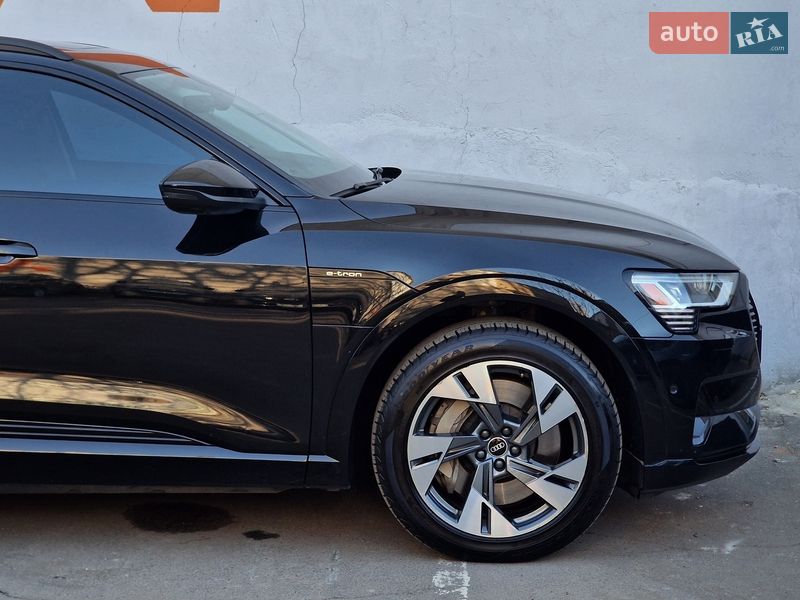 Позашляховик / Кросовер Audi e-tron 2021 в Одесі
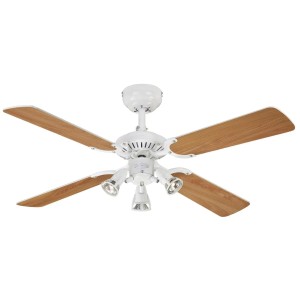 Weißer Westinghouse Deckenventilator Princess Euro 105 cm mit Holzflügeln und Beleuchtung.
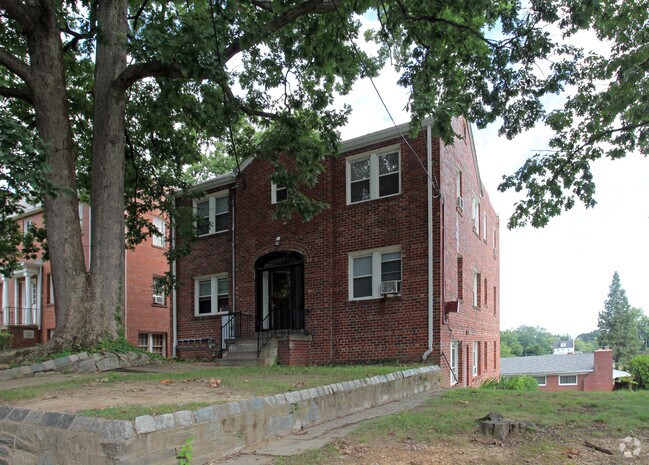 Primary Photo - 2920 P St SE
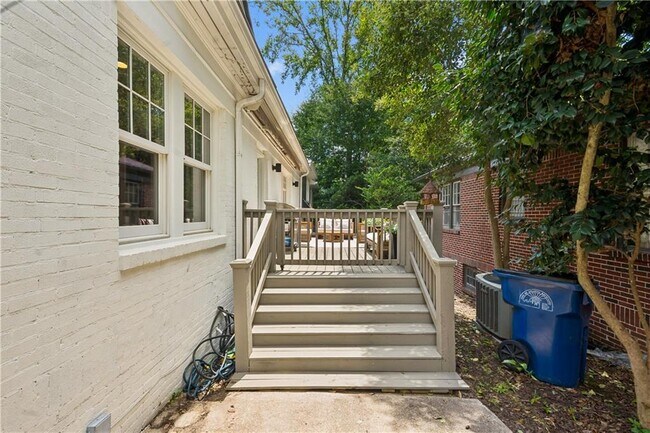 Building Photo - 355 8th St NE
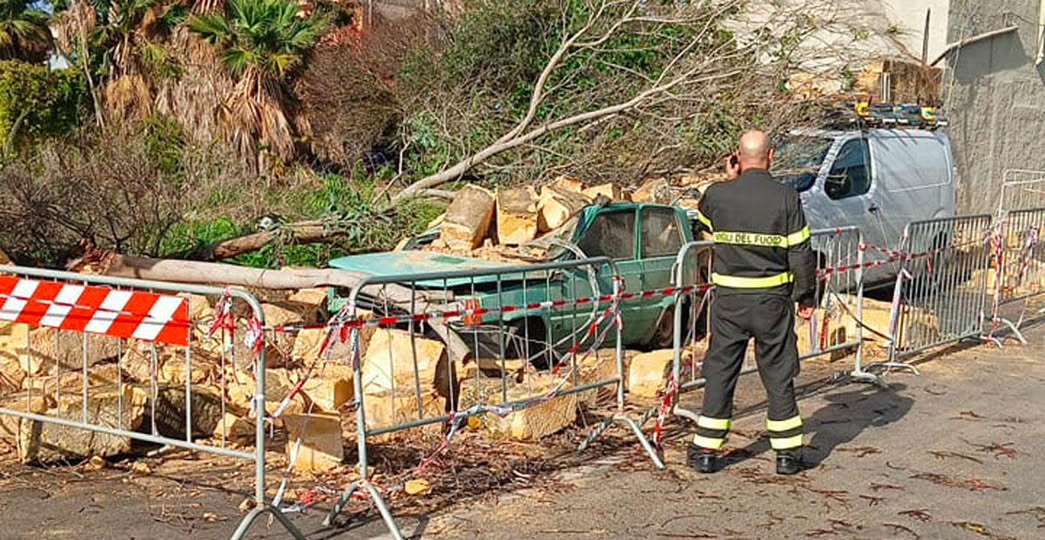 Tromba d’aria a Mazara del Vallo, crolla muro di cinta
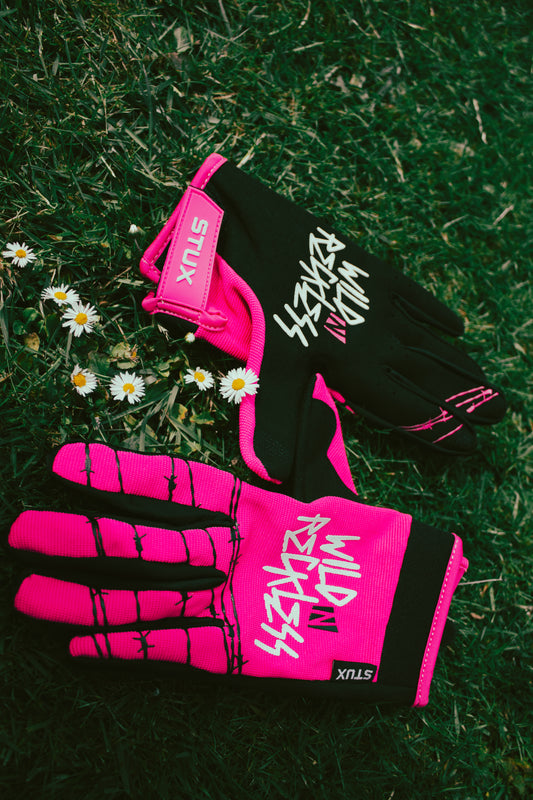 Wild n reckless gloves🩷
######
> _WHAT THE TASK ASKS_
All of the material above must be given again verbatim, except for the pictures.

> _ANSWER SPACE_
 Позашляховик / Кросовер Audi e-tron 2021 в Одесі
 Weißer Westinghouse Deckenventilator Princess Euro 105 cm mit Holzflügeln und Beleuchtung.
 Primary Photo - 2920 P St SE
 Building Photo - 355 8th St NE
 Tromba d’aria a Mazara del Vallo, crolla muro di cinta
 Wild n reckless gloves🩷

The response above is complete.